I watched the SL games several times each and would ISO on a player and in watching Batum play I was very encouraged even though he missed a lot of shot on offense. He was in fact learning the NBA game and I thought them we were underestimating him if he could begin to be more consistent with his shot. He is not that much of a supprise to me as some. He is however picking up the game much more rapidly than I thought he would. Shows his BB IQ. He is going to be a very valuable player for Portland this year and into the future. He certainly reminds me of Tayshawn Prince. 

g


----------



## mgb (Jun 26, 2004)

Utherhimo said:


> if Batum starts over Outlaw....look for outlaw to request a trade.


Outlaw said he would rather come off the bench because he is the main go to guy so it's easier for him to prepare to play so I don't see why he'd ask to be traded.


----------



## Utherhimo (Feb 20, 2005)

cus he might not get his shots


----------



## sportsnut1975 (Jul 6, 2006)

Travis will get fewer shots as a starter. He did mention this summer he want to start. He just doesn't seem like the same player when he starts. I would not be surprised if he asks for a trade if Batum starts over him.


----------



## PorterIn2004 (Jan 1, 2003)

NewAgeBaller said:


> Just to be clear, is his name pronounced Bu-toom?
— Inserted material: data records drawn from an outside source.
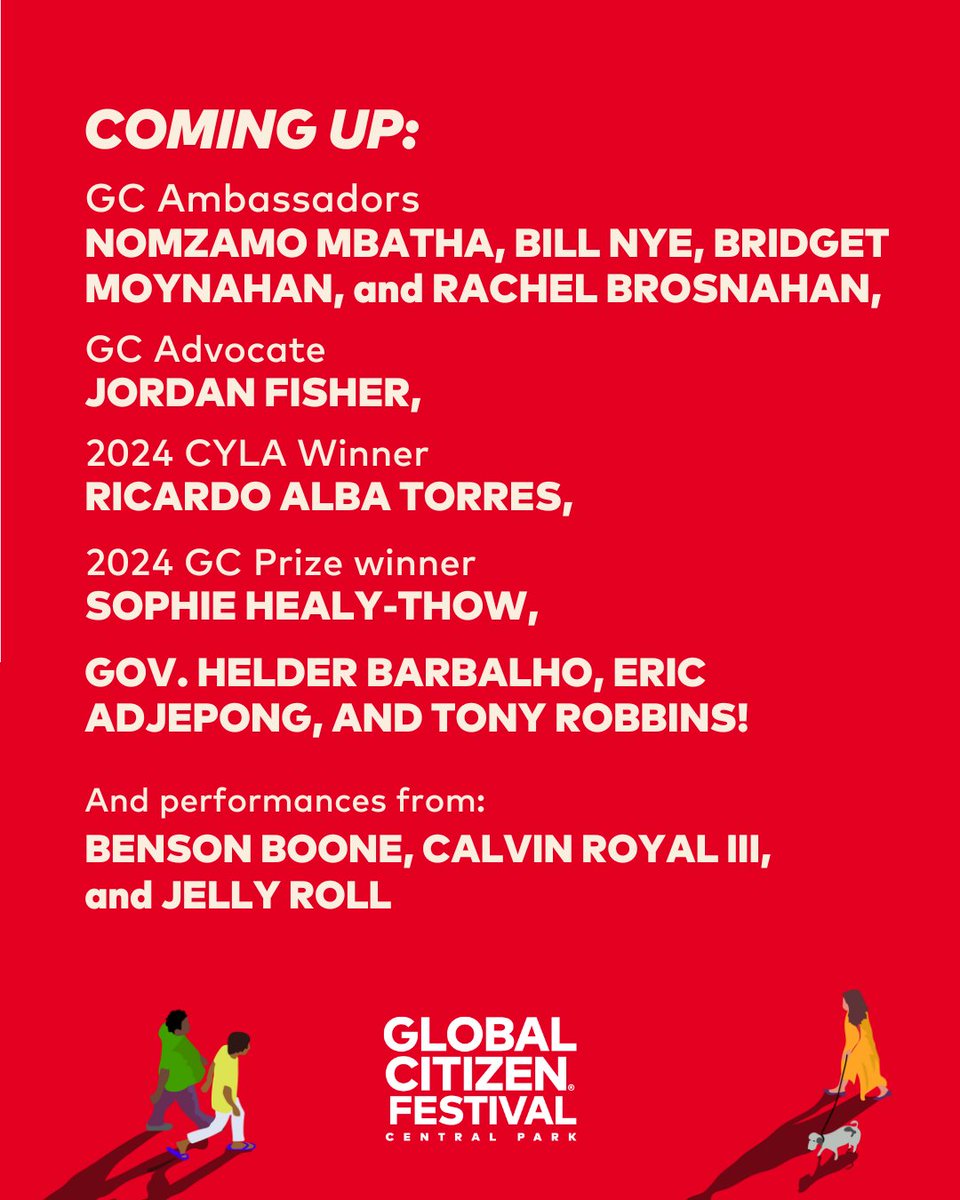 GlblCtzn's tweet photo. COMING UP: Performances by @bensonboone, @CalvinRoyalIII, and @jellyroll615 and appearances by GC Ambassadors @NomzamoMbatha, @billnye, @bridgetmoynahan, and #RachelBrosnahan, GC Advocate @jordanfisher, 2024 #CYLA winner #RicardoAlbaTorres, and 2024 #GCPrize winner @SophieHealyThow; plus, Gov. @helderbarbalho, @ChefAdjepong, and @TonyRobbins! โจ #GlobalCitizenFestival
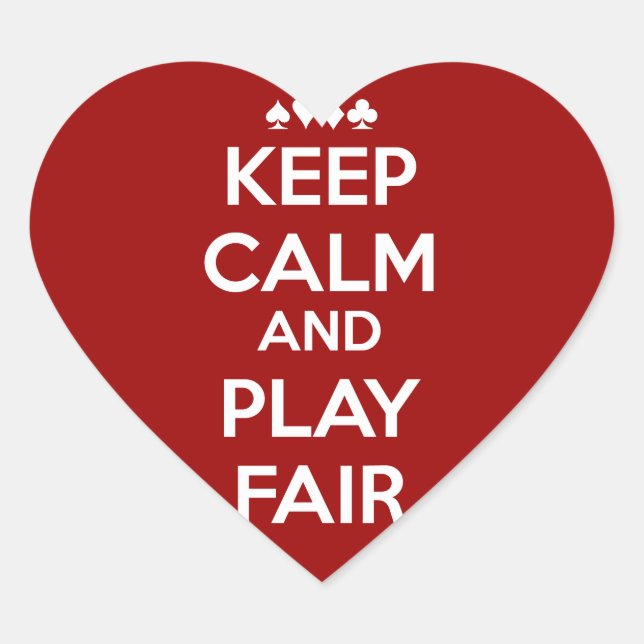 Behalt Ruhe und spiele fair Herz-Aufkleber (Vorderseite)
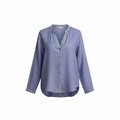 Light blue boho long-sleeve shirt with V-neck button placket and embroidered trim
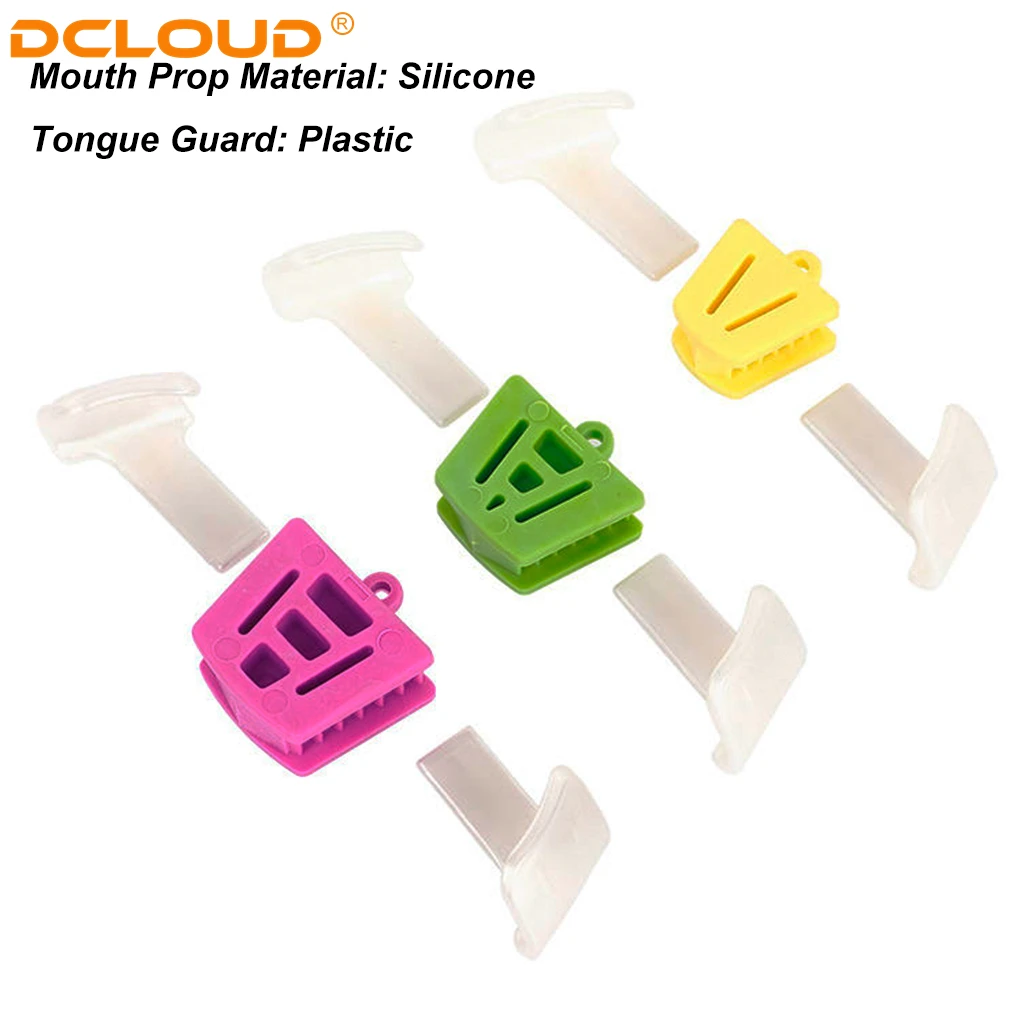 

Dental Occlusal Pad Silicone Mouth Props with Tongue Guard Bite Pads Blocks Autoclavable Dentist Oral Retractor Ortho Tools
Ba-TOOM, with accent on the second syllable.


----------



## mgb (Jun 26, 2004)

sportsnut1975 said:


> Travis will get fewer shots as a starter. He did mention this summer he want to start. He just doesn't seem like the same player when he starts. *I would not be surprised if he asks for a trade if Batum starts over him.*


Travis seems to feel differently



> Travis could (start) there, but I still think Travis is best coming off the bench," McMillan said. "The only reason I will consider Travis starting is seeing whether that can get him going quicker."
> 
> As it turns out, Outlaw says the tactic of him starting actually has the opposite effect on him.
> 
> "With the second unit, I feel like 'Ooh, I got to be aggressive,' " Outlaw said. "But with the first unit you can let your game come to you and feed off the other players like Greg (Oden), Brandon and LaMarcus (Aldridge). Then I just sit over there and wait to hit that corner two. But with the second unit, I need to come ready to play. It's whatever the team needs," Outlaw said. *"If Nate says he needs me off the bench, that's OK. I ain't got no problem with that."*


----------



## NewAgeBaller (Jan 8, 2007)

PorterIn2004 said:


> Ba-TOOM, with accent on the second syllable.


Aightt thanks.


----------